For gardeners and homeowners in the cold north, winter comes with frigid cold and snow for months on end. Frozen soil and icy winds signal the end of planting time until spring. But for millions of others who live in milder climates further south or nearer the coasts, winter planting is not just possible, it could be ideal. If you’re thinking about adding a few garden specimens during the traditional “off” season, read on. We will take a look at what to plant in winter and how to plan for success this time of year.

Rules of winter planting

This is a great time to install lots of plants as part of a big landscape plan, or to move existing plants within your yard or garden. Although trees, shrubs, and perennials are mostly dormant this time of year, their roots continue to grow until the soil freezes. They need little care after planting, and will be in great shape to start growing next spring.


But, before heading over to the garden center and loading up, a few precautions are in order. For winter planting, avoid plants that have been kept inside an enclosed greenhouse, as well as those that were recently shipped from a warmer climate, as they are more likely to suffer transplant shock. For the best results, follow these winter planting tips.

  • Choose locally grown plants that have experienced the same weather as your yard.
  • Only plant in winter if the ground has not frozen.
  • Water well at planting time.
  • Mulch right away.

How to plant trees, shrubs, and perennials in winter

Planting in winter is not much different from planting at other times of the year. However, it is critical to complete the planting process, including watering and mulching, without delay. Otherwise an unexpected overnight freeze could damage vulnerable plants.
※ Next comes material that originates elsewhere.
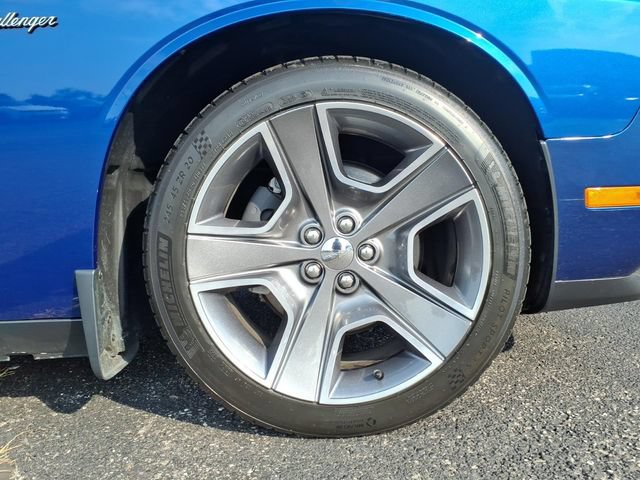 Used 2012 Dodge Challenger R/T RWD image 9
  1. Dig the planting hole two to three times the width of the plant’s root ball, and deep enough so that the root crown (the part where the stem meets the roots) will be one or two inches higher than the surrounding ground.
  2. Carefully remove the plant from its container, loosen or trim any tightly bound roots, and place the plant in the hole. Burlap-wrapped plants should be placed in the hole with the wrap intact, before cutting away any plastic twine or metal cage supporting it. Carefully pull the wrapping away from the trunk at the top of the root ball and push it down into the planting hole where it will quickly biodegrade.
  3. Double check that the root crown is above the surrounding grade before backfilling halfway with original soil. Firm the backfill soil in the half-filled hole.
  4. Fill the hole with water and let it soak in before backfilling the hole the rest of the way. The soil surface should slope away from the trunk to the edge of the planting hole. Use leftover soil to build a low berm, or moat, around the perimeter of the planting hole.
  5. Apply a 3-inch deep layer of mulch, from 6-inches away from the trunk to the edge of the planting hole, covering the berm.
  6. Water deeply.

Plant cool season flowers and veggies before winter

If you want annual flowers in the landscape to brighten your winter days, or a salad of flavorful garden fresh greens for your holiday brunch, don’t wait until winter to plant them. You’ll have to plan ahead for these seasonal treats.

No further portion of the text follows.